In his influential The Language of New Media, Lev Manovich prominently
listed *transcoding* among the founding principles of new media.[1]
Discussing the digital practices and operations arising to merit the
debated shift into *new,* he singled out the ability of numerically
encoded media objects to translate or transform themselves, with
unprecedented ease, according to hitherto unfamiliar, boundless properties
and coordinates. Although the transcoding concept has received its due
share of attention since the book's publication last year, frequently
being quoted as the prime example of *old* cataclysms, the associated
grammar of principles has largely ignored many common, more pragmatic uses
and applications of the term. At its computing root, transcoding obviously
regulates and facilitates the play of presence and absence through math
and logic, thereby effectively making its operations _active_ across a
vast field, ranging from the foundations of western metaphysics to the
latest electronic switches. So considered broadly along with its profound
dispersal, which always returns to the consolidating principles deployed,
the impending gravity of computer transcoding is hence, and not only
epistemologically speaking, immense. To avoid the neighboring rhetorical
black hole of sweeping generalizations compiled in rounded nutshells, this
brief essay will attempt to theorize aspects of this pervasive impact
through specific and prominent trends in contemporary net.art.

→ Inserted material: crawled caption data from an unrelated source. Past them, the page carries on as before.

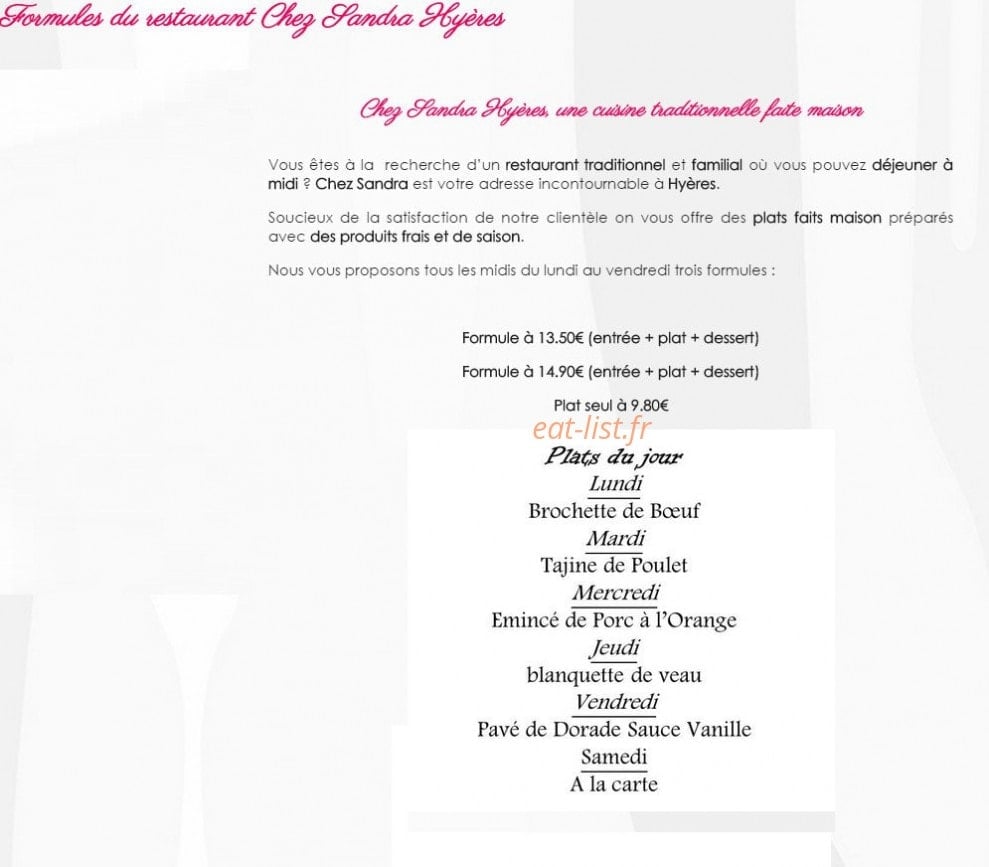 Chez Sandra — carte page 1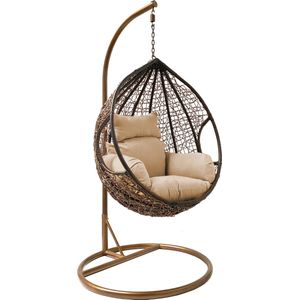 Rijoka Hangstoel Eggy Twisted Schommelstoel – Bruin Rattan - XLarge - Voor personen 2.20m Max.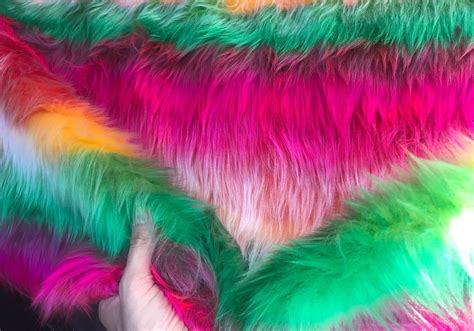 Rainbow fur fabric/ faux fur fabric. Fluffy fur fabric. Faux | Etsy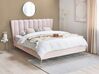 Velvet EU King Size Bed with USB Port Pink MIRIBEL_870539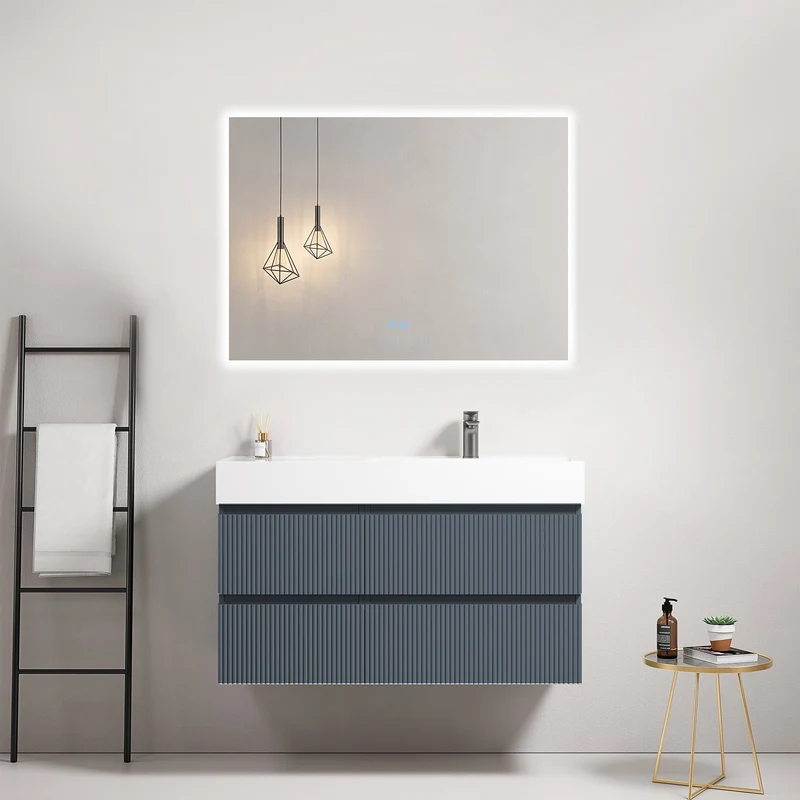 Mobile bagno sospeso cannettato 100 cm Blu Mare Lavabo a Destra in Resina Specchio Quadro Retroilluminato - Fiji Paint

To once more narrow the focus on these preoccupations, one can in
retrospect appreciate that even the earliest net.art controversies of
unauthorized mirroring were less about repeating the simulacra of
postmodernism, which had already been exhaustively explored through the
medium of photography in the preceding decade, than it was about
revisiting questions of authenticity and uniqueness through the added
momentum of transcoding. The act of mirroring, seen here as always in a
differentiated yet fulfilling presence, in the 1999 actions of
0100101110101101.org did not only clone the destined-for-stardom site
jodi.org byte by byte under another domain name, it also downloaded and
offered a subversively _altered_ version of Art.Teleportacia, the first
art gallery for the Web. Negotiating these mirror phases obviously cast a
long glance backward at postmodern questions of replication and
reproduction, but it also recognized that the cumulative ability to
transfer, transport, translate and transform, all subsumed and made
available under transcoding, had leveled the playing field for a rather
predictable set of artistic games to begin anew in a pioneering context.
Leaping three giant net years ahead to the present, an attentive look at
some recent entries to the net.art catalog will garner attention to a
subsequent and related strategy that has become increasingly popular among
dedicated practitioners. A striking number of current works literally
employ and repeat what one may term an expansive approach to the
transcoding principle: they collect and/or generate structured data
through various, often rather novel, forms of input and then output this
in a scrambled appearance, regularly on rather abstract terms and
generally according to simple, non-semantic rules.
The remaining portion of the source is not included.